Is BRepFilletAPI_MakeFillet reentrant ?

Hello,

I am experiencing crashes with BRepFilletAPI_MakeFillet in multi-threading context.
My program runs N threads, each performing a fillet on some shape with its own BRepFilletAPI_MakeFillet instance.
I expect BRepFilletAPI_MakeFillet to be reentrant, in the sense of the Qt definition:
« A class is said to be reentrant if its member functions can be called safely from multiple threads, as long as each thread uses a different instance of the class. »

If I protect with a mutex the code section using BRepFilletAPI_MakeFillet then the program does not crash.

Does the OpenCascade team confirms BRepFilletAPI_MakeFillet is not reentrant ? If yes is there any plan to make it reentrant ?

Roman Lygin's picture

Hi Hugues,

First off, great to get in touch with you again ;-).
Most likely, BRepFilletAPI_MakeFillet is *NOT* re-entrant (yet). Recently, working on expansion of parallelism in CAD Exchanger, I had to fix a few core modules of Open CASCADE participating in multiple algorithms - intersections, approximations, etc. Please see id23952 in the Mantis tracker. It is very likely that these affected functions (in math, Approx2Var, ...) are also used in fillets.

You could experiment by picking up the fix and see the impact.
Of course, I would recommend that you use a thread checking tool to verify no data races. I could recommend Intel Inspector for that.

Hope this helps.
Roman

Forum supervisor's picture

Dear Hugues,
I confirm that BRepFilletAPI_MakeFillet algorithm is not certified for multi-threading and can't be considered as "re-entrant". Try the hint suggested by Roman. In any case you are welcome to make contribution in thread-safety of OCCT.
Regards

Hugues Delorme's picture

Hello,

Roman, I might try your patch but, even if it works, I won't be confident about thread-safety ...
Anyway it's great to see you still so involved in OpenCascade, working to make it better !

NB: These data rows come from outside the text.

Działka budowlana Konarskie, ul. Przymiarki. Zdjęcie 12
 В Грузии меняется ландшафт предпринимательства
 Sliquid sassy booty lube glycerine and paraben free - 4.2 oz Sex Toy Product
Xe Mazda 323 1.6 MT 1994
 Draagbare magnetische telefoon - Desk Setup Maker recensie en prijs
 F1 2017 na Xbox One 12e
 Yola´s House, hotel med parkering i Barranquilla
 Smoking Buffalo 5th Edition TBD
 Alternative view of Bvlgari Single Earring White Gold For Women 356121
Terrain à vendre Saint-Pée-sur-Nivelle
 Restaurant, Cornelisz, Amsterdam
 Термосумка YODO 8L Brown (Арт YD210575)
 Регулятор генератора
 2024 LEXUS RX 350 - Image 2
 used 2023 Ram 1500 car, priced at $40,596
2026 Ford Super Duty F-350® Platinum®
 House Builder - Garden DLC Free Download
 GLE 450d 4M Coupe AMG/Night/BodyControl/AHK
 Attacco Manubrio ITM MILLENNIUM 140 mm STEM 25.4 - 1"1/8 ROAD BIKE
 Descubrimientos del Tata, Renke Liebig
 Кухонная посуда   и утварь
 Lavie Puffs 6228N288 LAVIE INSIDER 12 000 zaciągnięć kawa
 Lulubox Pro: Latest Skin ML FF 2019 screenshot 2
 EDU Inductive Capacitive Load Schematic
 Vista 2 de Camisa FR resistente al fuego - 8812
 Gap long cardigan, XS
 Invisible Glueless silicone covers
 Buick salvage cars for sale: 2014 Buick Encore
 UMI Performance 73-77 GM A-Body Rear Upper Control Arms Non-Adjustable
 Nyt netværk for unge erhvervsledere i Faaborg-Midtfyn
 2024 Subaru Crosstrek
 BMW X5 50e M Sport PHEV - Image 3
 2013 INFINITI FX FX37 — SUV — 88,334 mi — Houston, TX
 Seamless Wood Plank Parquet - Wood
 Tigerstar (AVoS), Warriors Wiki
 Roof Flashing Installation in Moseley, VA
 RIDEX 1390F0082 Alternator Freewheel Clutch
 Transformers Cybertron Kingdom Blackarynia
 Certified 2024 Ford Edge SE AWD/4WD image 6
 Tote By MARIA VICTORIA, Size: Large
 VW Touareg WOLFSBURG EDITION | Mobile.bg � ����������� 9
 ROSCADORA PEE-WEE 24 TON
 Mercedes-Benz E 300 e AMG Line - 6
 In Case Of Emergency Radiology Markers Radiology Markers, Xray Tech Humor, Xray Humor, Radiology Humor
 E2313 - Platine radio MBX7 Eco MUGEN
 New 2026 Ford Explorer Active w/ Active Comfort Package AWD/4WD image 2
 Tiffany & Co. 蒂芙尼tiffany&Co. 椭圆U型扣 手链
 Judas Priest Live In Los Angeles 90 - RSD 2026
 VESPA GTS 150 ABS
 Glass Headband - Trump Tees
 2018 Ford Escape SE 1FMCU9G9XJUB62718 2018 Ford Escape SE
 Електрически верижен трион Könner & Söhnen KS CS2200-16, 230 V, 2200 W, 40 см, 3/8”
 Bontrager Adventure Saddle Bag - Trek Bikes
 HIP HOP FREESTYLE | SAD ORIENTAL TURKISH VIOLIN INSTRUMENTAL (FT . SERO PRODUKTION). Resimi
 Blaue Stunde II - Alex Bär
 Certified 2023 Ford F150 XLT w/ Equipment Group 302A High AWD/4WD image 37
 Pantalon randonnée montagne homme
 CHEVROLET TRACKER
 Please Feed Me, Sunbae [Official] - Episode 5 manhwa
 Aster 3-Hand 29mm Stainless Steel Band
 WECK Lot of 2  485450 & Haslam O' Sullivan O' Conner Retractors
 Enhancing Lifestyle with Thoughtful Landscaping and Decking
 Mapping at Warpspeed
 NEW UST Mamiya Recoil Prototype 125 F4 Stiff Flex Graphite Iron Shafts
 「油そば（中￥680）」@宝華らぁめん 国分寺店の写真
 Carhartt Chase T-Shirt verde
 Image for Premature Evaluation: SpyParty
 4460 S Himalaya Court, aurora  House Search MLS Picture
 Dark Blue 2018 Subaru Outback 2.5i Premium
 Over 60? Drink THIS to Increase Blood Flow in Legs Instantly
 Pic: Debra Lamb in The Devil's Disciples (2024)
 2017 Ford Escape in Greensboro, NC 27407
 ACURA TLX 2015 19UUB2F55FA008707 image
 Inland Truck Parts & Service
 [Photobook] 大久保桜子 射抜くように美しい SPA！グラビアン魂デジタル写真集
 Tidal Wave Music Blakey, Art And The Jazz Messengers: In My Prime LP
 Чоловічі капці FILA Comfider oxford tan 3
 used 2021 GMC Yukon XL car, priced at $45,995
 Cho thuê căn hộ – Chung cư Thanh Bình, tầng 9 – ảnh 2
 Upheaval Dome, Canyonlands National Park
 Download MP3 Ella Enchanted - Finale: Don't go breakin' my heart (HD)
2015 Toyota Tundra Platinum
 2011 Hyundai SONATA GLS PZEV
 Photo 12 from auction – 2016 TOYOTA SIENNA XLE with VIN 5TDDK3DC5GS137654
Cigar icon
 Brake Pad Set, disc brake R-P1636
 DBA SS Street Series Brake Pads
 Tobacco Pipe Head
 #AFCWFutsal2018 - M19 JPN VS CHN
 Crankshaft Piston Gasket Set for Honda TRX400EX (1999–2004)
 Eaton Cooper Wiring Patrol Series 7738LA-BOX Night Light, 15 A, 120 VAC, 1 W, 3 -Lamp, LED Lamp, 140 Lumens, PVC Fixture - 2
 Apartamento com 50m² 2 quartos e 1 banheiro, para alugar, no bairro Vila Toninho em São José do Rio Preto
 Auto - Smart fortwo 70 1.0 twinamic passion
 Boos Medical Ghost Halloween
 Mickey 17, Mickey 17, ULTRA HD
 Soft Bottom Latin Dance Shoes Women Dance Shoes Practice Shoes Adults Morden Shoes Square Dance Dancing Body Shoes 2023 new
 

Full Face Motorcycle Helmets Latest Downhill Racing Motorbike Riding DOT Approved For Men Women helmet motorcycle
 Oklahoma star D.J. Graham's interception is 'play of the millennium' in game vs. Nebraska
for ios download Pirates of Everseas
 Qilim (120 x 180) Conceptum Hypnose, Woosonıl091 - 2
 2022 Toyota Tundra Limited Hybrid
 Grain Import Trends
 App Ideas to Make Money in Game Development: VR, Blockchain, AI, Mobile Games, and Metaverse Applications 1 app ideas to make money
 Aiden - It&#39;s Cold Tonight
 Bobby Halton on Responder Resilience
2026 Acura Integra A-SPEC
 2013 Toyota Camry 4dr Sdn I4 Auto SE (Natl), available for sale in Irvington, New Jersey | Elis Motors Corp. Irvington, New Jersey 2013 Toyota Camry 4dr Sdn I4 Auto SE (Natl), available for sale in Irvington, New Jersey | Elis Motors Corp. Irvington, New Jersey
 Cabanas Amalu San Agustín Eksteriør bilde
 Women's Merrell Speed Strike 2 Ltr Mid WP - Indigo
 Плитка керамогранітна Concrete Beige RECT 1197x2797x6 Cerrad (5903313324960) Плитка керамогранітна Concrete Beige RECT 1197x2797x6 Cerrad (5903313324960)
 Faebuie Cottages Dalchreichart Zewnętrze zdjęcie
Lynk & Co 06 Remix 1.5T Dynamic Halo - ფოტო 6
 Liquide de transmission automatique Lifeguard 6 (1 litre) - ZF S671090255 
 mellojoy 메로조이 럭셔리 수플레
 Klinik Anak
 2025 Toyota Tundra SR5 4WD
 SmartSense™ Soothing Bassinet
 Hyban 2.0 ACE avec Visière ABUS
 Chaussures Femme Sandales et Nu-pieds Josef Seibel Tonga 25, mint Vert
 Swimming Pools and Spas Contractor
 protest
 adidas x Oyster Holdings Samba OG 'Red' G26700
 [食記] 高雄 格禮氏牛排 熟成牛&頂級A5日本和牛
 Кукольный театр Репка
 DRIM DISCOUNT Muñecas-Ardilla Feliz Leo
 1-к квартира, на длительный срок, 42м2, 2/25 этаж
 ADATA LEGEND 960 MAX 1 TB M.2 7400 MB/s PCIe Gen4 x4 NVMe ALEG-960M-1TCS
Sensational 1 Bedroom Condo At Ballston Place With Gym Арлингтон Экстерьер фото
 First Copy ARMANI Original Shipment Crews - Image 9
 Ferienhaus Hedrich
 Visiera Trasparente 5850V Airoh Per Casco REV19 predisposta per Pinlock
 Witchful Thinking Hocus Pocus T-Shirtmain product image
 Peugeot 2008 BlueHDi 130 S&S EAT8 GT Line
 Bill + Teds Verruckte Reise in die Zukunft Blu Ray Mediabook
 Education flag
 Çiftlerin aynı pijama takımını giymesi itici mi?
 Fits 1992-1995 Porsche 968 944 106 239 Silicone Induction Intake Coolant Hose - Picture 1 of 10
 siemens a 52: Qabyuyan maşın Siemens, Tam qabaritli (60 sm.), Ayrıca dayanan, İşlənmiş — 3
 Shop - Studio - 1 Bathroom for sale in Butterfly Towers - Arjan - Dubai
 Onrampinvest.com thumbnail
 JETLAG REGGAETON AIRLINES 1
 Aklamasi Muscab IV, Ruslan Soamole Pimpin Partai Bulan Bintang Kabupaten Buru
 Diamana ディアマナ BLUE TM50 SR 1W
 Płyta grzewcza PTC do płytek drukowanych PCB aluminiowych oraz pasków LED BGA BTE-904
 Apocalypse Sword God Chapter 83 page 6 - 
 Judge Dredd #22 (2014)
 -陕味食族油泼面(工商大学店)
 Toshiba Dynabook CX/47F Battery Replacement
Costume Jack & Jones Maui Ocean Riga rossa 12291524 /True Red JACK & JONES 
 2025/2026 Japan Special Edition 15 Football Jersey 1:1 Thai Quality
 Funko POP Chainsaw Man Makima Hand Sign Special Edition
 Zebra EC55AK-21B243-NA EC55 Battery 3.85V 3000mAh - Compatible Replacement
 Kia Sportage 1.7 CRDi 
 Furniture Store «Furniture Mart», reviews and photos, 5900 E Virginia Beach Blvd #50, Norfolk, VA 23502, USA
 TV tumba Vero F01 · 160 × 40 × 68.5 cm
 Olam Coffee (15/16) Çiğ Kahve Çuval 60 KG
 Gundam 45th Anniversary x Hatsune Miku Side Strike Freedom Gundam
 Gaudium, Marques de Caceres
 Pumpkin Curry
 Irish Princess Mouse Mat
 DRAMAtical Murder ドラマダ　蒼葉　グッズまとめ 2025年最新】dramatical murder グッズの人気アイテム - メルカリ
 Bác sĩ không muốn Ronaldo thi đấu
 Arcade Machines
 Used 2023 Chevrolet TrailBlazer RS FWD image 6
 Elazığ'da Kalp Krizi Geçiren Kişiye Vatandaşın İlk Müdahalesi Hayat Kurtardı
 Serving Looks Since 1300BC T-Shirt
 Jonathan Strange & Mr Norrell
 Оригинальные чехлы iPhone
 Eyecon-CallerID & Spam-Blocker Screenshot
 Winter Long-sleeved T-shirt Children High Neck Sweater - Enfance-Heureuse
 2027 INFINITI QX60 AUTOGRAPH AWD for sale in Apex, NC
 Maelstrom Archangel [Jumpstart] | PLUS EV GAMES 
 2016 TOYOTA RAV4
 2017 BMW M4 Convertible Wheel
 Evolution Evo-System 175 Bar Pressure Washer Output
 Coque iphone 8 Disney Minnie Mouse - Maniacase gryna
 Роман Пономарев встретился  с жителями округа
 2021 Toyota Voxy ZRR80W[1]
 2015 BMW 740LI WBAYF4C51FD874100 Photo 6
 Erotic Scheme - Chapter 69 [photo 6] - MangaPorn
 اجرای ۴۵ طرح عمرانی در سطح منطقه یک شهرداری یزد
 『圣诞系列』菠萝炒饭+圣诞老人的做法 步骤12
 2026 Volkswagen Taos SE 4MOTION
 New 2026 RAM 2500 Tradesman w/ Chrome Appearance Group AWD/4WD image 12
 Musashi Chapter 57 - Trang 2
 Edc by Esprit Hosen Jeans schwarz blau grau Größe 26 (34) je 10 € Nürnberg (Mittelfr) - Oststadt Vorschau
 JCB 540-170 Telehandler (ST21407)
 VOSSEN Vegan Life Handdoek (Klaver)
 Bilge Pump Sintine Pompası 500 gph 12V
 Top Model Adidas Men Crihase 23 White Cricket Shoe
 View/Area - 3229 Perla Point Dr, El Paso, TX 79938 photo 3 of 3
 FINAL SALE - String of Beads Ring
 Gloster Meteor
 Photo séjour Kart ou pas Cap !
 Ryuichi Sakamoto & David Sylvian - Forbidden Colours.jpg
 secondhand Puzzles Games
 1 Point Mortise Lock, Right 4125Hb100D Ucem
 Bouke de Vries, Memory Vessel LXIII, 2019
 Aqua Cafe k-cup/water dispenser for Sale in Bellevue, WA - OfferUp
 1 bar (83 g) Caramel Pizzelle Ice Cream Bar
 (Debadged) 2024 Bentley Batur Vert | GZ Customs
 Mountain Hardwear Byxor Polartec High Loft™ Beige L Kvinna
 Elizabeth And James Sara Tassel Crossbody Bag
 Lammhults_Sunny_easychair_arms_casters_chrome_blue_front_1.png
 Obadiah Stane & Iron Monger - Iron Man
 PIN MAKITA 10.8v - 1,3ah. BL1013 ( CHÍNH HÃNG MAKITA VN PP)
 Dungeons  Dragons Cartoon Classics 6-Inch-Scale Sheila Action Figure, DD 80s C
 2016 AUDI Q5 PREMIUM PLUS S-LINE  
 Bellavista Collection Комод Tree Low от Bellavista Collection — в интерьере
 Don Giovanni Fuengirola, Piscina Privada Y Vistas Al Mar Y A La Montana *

I was wondering if this workaround solution is of interest:
* Instead of running the code (using non-reentrant OCC classes) in a thread, run it inside a separated "heavy" process
* Create a memory segment shared by all the worker processes where the input data is copied.
* Make each process outputs its result in the shared memory segment

The solution is heavier than threading, put it should work. What is your opinion about it ?
What would OpenCascade team recommend ?

Roman Lygin's picture

Hi Hugues,

Going from shared to distributed memory (from multi-threading to multi-processing) is a common pattern to overcome thread-safety issues. So this will certainly work for the case you describe. I myself considered this for a use case where a 3rd-party code was involved, but this did not materialize.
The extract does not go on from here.